Sur les demandes reconventionnelles de M. et Mme X
Sur l’abus de droit
S’il ne peut être reproché à Mme Z d’avoir intenté l’action en justice ayant abouti au rejet de son pourvoi en cassation, la nouvelle procédure initiée à l’encontre de M. et Mme X, nonobstant le rejet de la précédente procédure et mise en oeuvre en l’absence de toute contestation de la conformité de la construction de ses voisins par l’autorité administrative compétente, traduit incontestablement une volonté de leur nuire par la contestation incessante et injustifiée de la présence de leur immeuble.
Ces éléments motivent la condamnation de l’appelante au paiement d’une amende civile de 2 000 euros de sorte que le jugement entrepris sera donc infirmé sur ce point.

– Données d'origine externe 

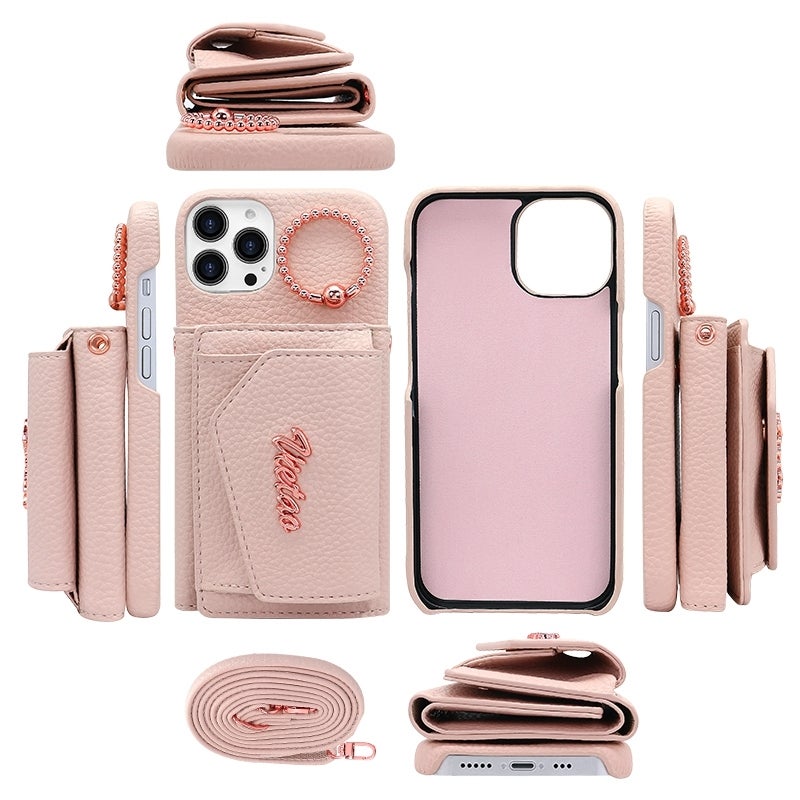 HuHa Protective Cover For iPhone 14 Pro VIETAO Ring Holder Wallet PU Phone Case with Lanyard(White) - Image 3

Sur le préjudice matériel et moral
M. et Mme X allèguent l’existence d’un préjudice financier fondé uniquement sur les frais qu’ils ont exposés pour leur défense en justice. Cette prétention doit être examinée au titre des dispositions de l’article 700 du code de procédure civile, étant ajouté que la gène occasionnée par les différentes procédures sur la 'bonne gestion de leur entreprise’ n’est étayée par aucun élément probant.
De même, s’agissant de la demande présentée au titre du préjudice moral, les intimés ne présentent aucun élément permettant d’y faire droit.
En conséquence, le jugement déféré ayant rejeté ces prétentions sera confirmé sur ces points.
Sur l’article 700 du code de procédure civile
Outre la somme mise à la charge de Mme Z en première instance, il y a lieu en cause d’appel de la condamner au versement à M. et Mme X, ensemble, d’une indemnité complémentaire de 3 000 euros sur le fondement de l’article 700 du code de procédure civile et de rejeter les autres demandes de ce chef.
PAR CES MOTIFS
- Infirme le jugement en date du 9 octobre 2018 rendu par le tribunal de grande instance de Bergerac en ce qu’il a :
- déclaré irrecevable la demande d’expertise judiciaire présentée par Mme D Z ;
- rejeté la demande d’amende civile formée par Mme D G épouse X et M. C-F X ;
et, statuant à nouveau dans cette limite :
- Rejette la demande d’expertise judiciaire présentée par Mme D Z ;
- Condamne Mme D Z au paiement d’une amende civile de 2 000 euros;
- Confirme le jugement déféré pour le surplus ;
Y ajoutant ;
- Condamne Mme D Z à verser à Mme D G épouse X et M. C-F X, ensemble, une somme de 3 000 euros sur le fondement de l’article 700 du code de procédure civile ;
- Rejette les autres demandes présentées sur ce fondement ;
- Condamne Mme D Z au paiement des dépens d’appel.
La présente décision a été signée par madame Paule POIREL, présidente, et madame Annie BLAZEVIC, greffier, à laquelle la minute de la décision a été remise par le magistrat signataire.